TASK BRIEF – Below are entries; copy exactly, and only, the lines from the one containing "1 to 6 Years" through their final line, leaving out pictures.

PROVIDED DATA –
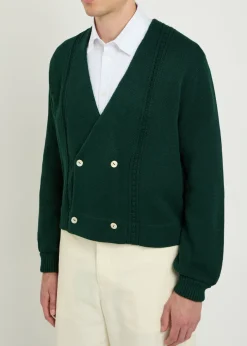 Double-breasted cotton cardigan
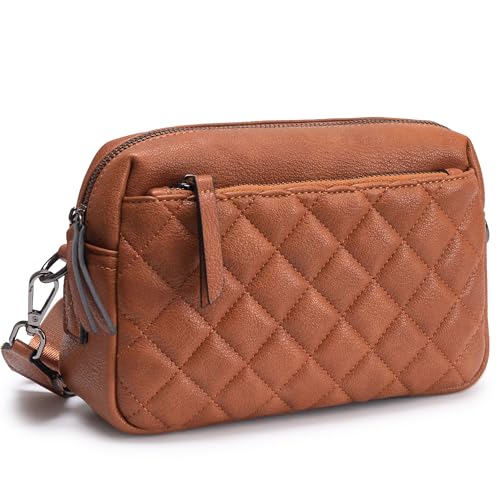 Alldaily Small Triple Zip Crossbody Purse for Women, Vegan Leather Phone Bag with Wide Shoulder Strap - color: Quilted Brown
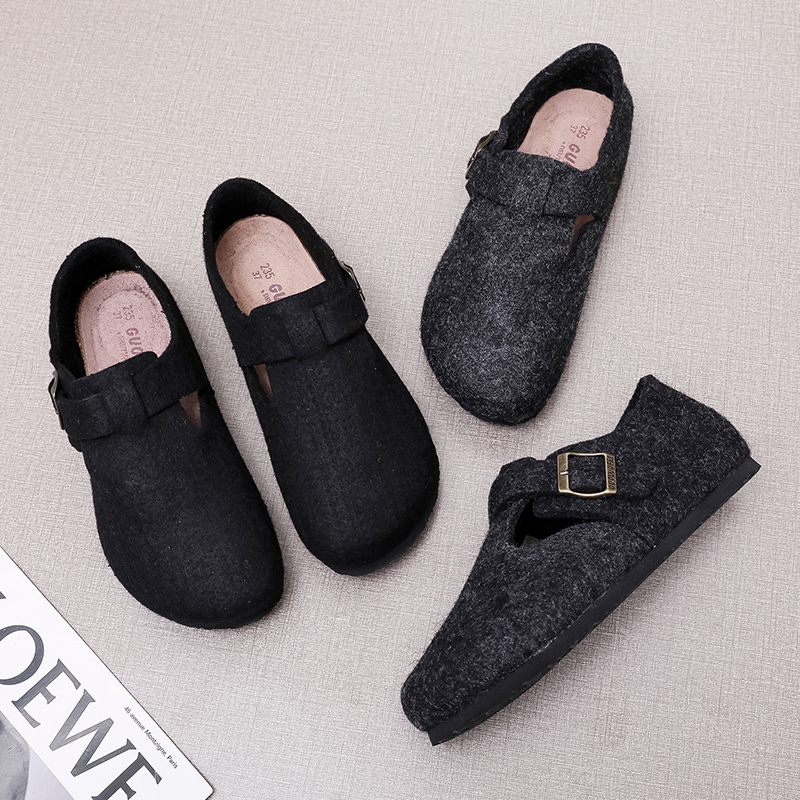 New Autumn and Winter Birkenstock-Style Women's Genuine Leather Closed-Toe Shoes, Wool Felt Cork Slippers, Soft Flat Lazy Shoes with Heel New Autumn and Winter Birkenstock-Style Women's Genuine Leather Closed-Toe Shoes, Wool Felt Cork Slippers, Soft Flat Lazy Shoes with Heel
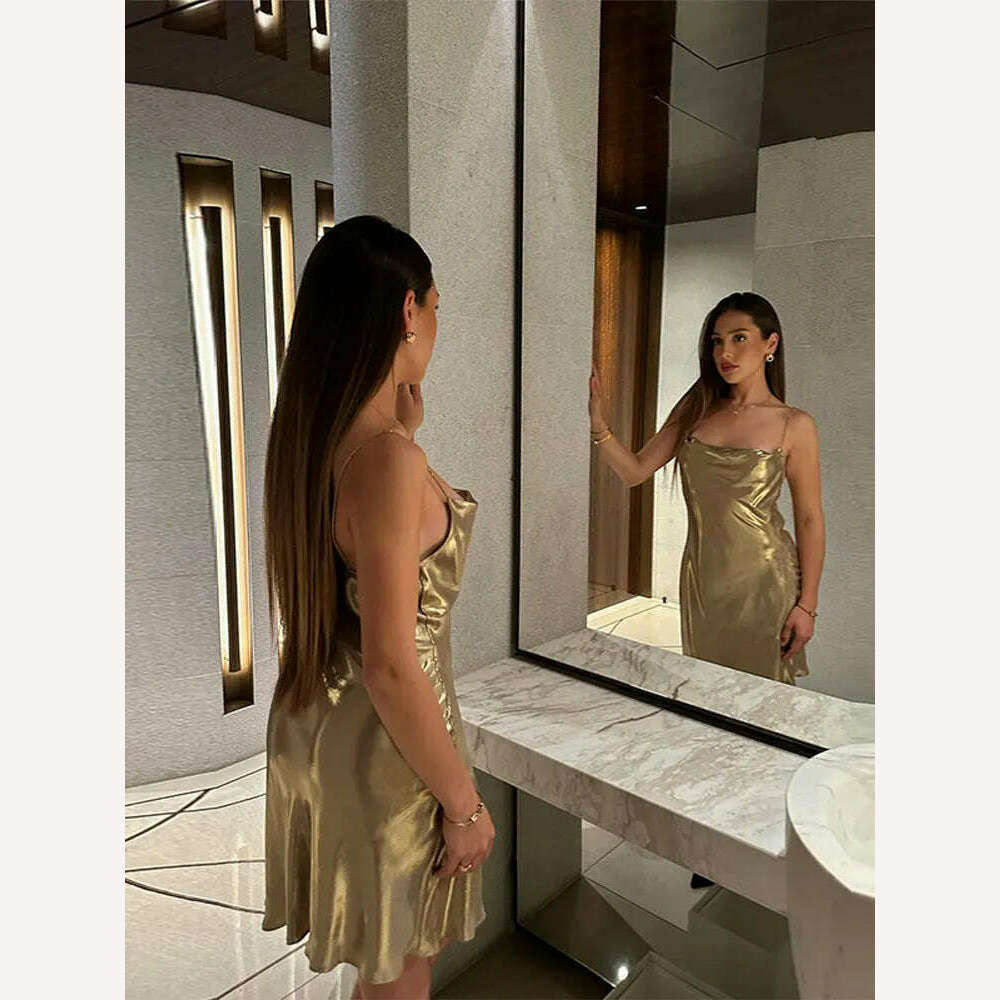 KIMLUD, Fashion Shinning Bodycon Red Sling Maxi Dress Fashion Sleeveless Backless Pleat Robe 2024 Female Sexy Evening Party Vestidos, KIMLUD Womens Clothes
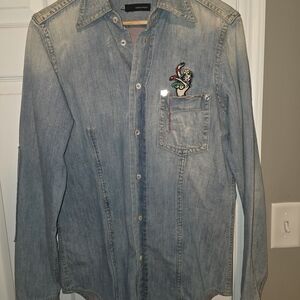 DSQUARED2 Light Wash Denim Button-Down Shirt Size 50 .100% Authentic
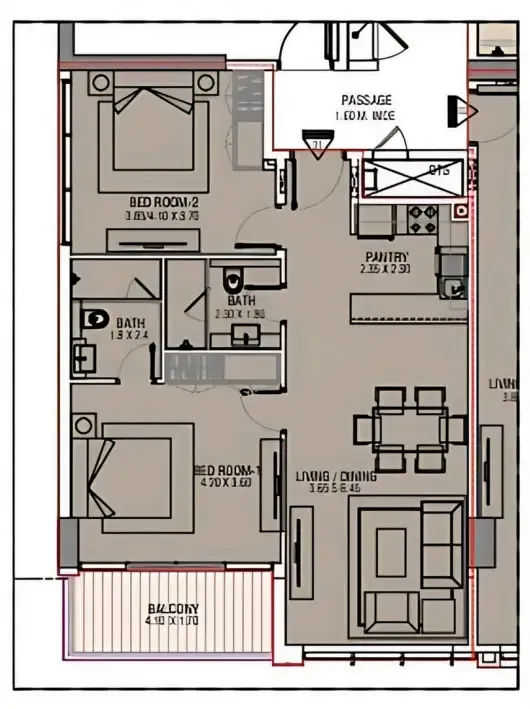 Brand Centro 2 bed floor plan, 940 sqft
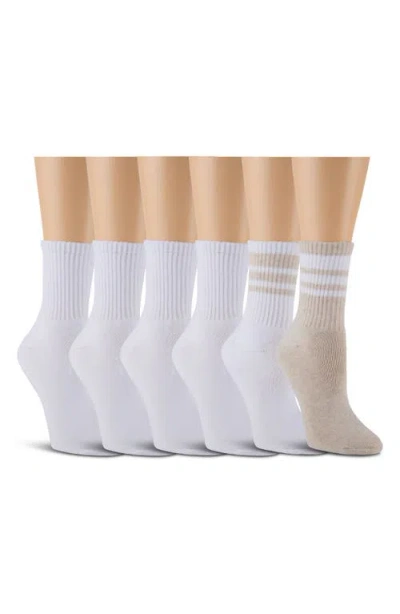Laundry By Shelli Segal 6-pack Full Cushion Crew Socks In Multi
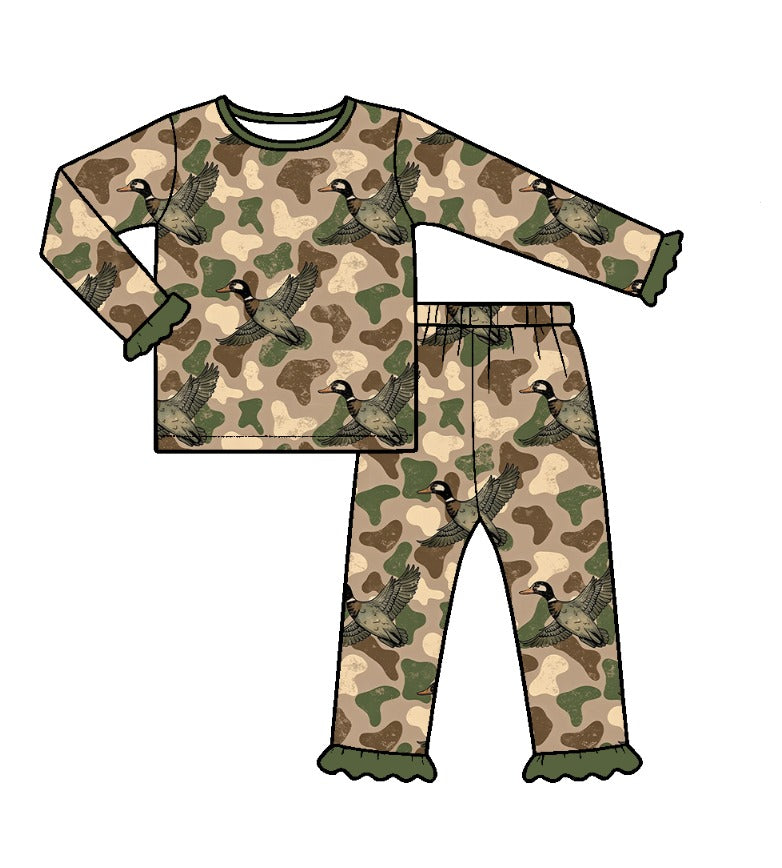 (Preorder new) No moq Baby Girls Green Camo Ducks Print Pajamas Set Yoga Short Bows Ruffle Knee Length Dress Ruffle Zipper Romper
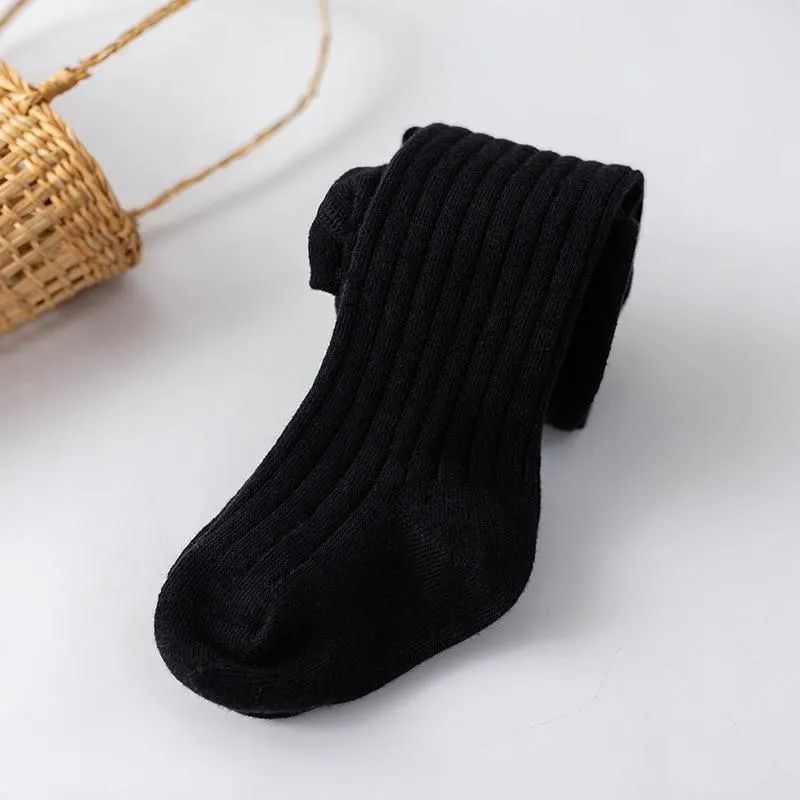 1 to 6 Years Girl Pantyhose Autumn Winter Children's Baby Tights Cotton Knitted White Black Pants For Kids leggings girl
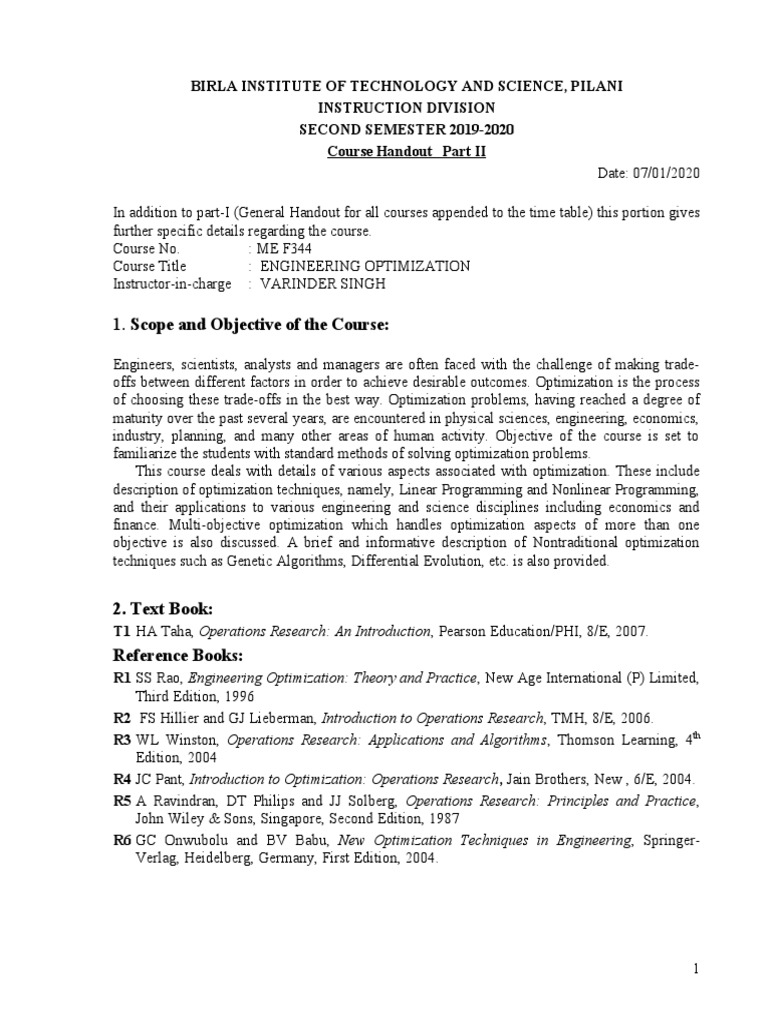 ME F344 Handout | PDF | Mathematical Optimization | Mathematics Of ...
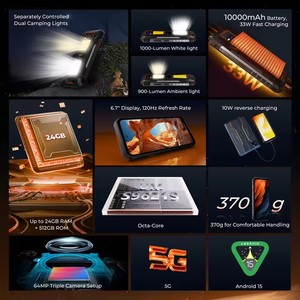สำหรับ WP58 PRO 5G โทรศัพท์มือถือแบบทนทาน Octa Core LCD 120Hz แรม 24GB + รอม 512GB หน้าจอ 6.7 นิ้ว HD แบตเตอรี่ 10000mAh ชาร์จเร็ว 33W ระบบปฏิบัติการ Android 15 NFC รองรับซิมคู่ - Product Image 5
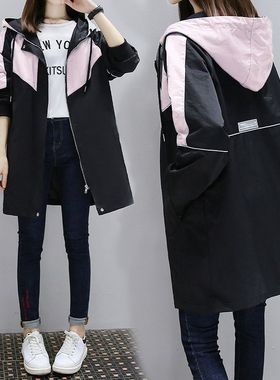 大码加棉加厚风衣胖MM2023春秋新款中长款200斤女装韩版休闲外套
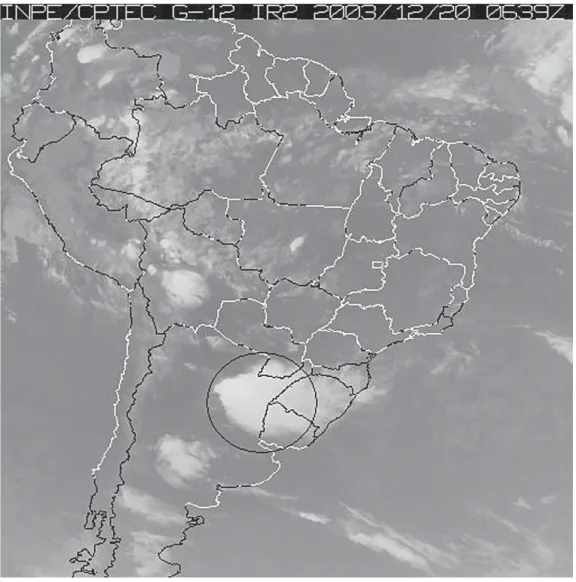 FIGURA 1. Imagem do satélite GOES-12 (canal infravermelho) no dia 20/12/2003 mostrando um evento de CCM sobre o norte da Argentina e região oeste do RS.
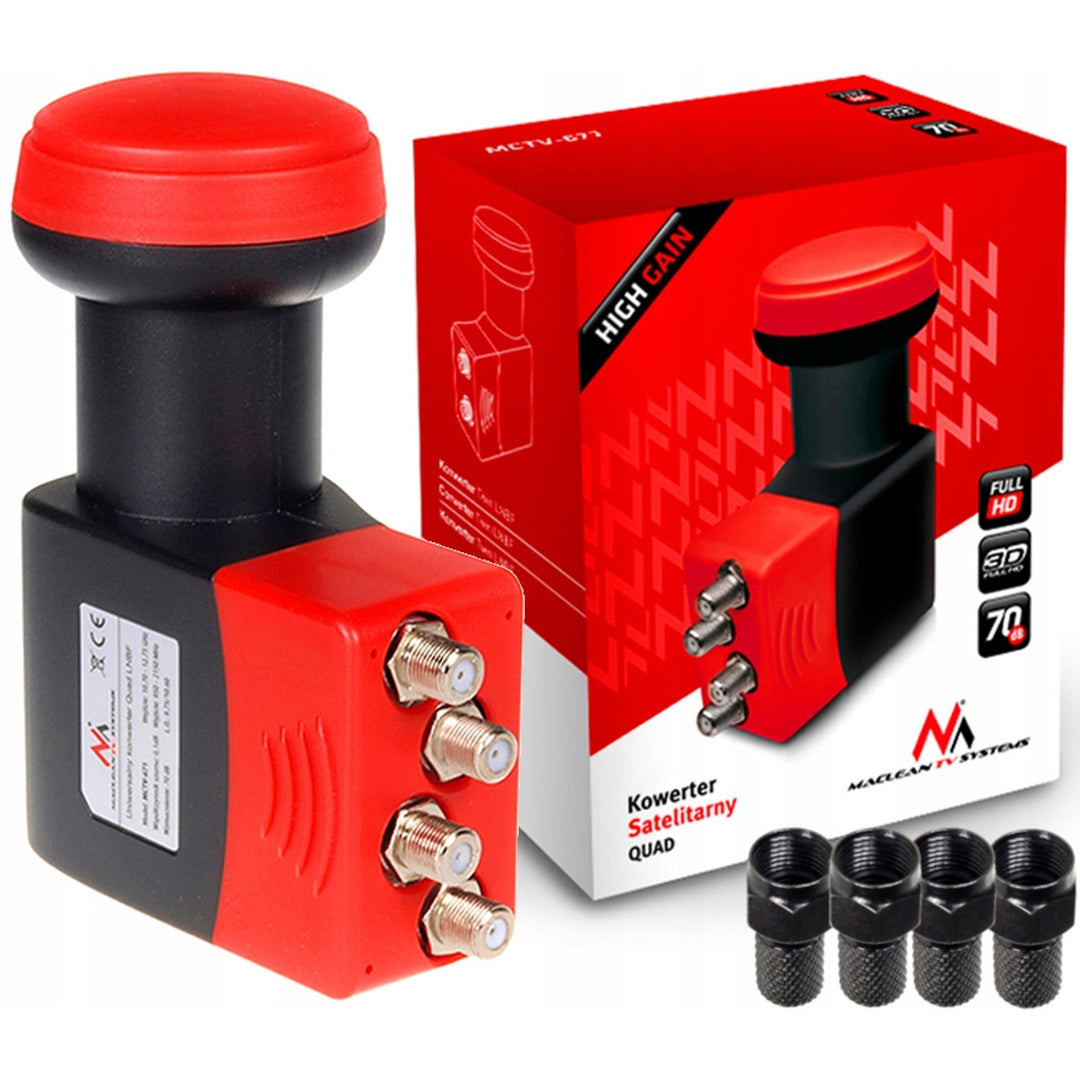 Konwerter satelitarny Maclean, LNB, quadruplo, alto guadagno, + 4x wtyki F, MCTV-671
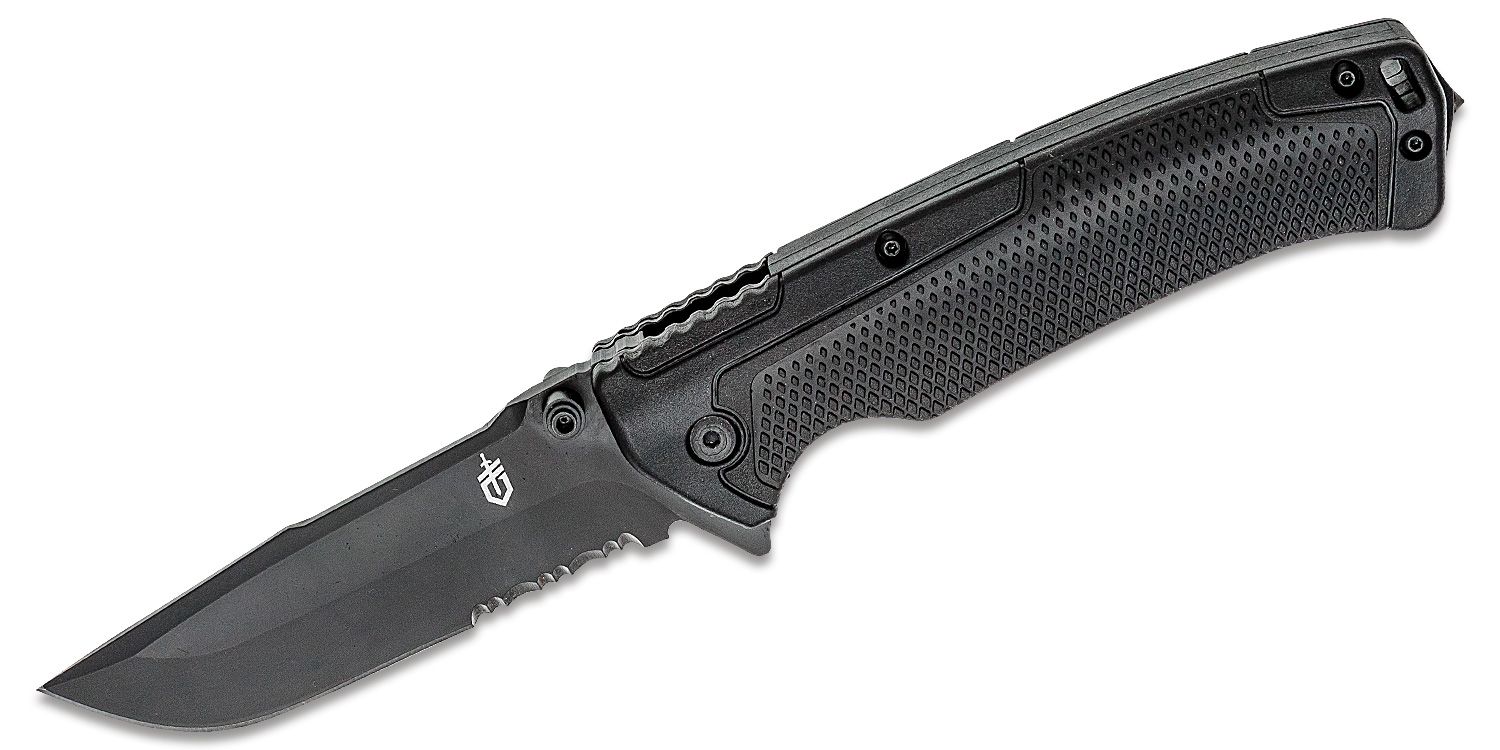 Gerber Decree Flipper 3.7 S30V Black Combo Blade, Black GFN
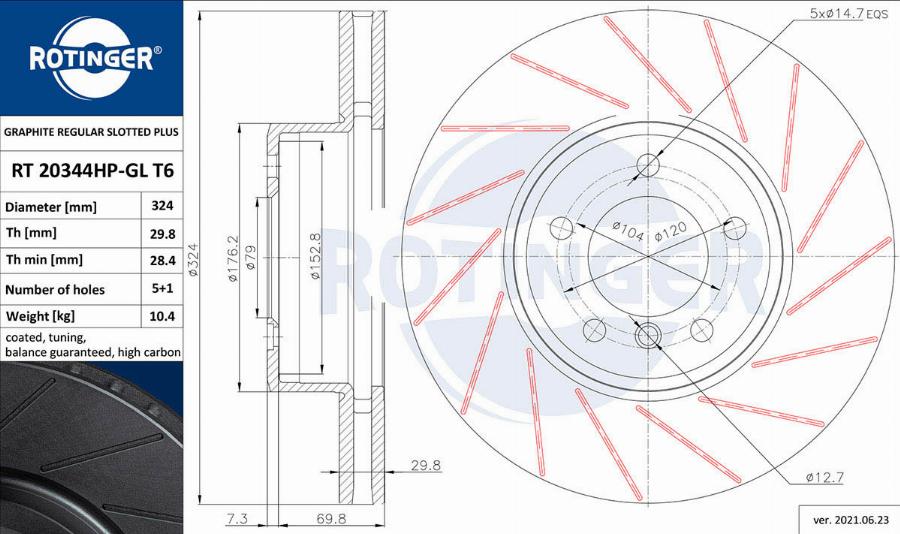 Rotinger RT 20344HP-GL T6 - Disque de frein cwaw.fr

RESPONSE TO THIS EXERCISE –
 1 to 6 Years Girl Pantyhose Autumn Winter Children's Baby Tights Cotton Knitted White Black Pants For Kids leggings girl
 ME F344 Handout | PDF | Mathematical Optimization | Mathematics Of ...
สำหรับ WP58 PRO 5G โทรศัพท์มือถือแบบทนทาน Octa Core LCD 120Hz แรม 24GB + รอม 512GB หน้าจอ 6.7 นิ้ว HD แบตเตอรี่ 10000mAh ชาร์จเร็ว 33W ระบบปฏิบัติการ Android 15 NFC รองรับซิมคู่ - Product Image 5
 大码加棉加厚风衣胖MM2023春秋新款中长款200斤女装韩版休闲外套
 FIGURA 1. Imagem do satélite GOES-12 (canal infravermelho) no dia 20/12/2003 mostrando um evento de CCM sobre o norte da Argentina e região oeste do RS.
 Konwerter satelitarny Maclean, LNB, quadruplo, alto guadagno, + 4x wtyki F, MCTV-671
 Gerber Decree Flipper 3.7 S30V Black Combo Blade, Black GFN
 Rotinger RT 20344HP-GL T6 - Disque de frein cwaw.fr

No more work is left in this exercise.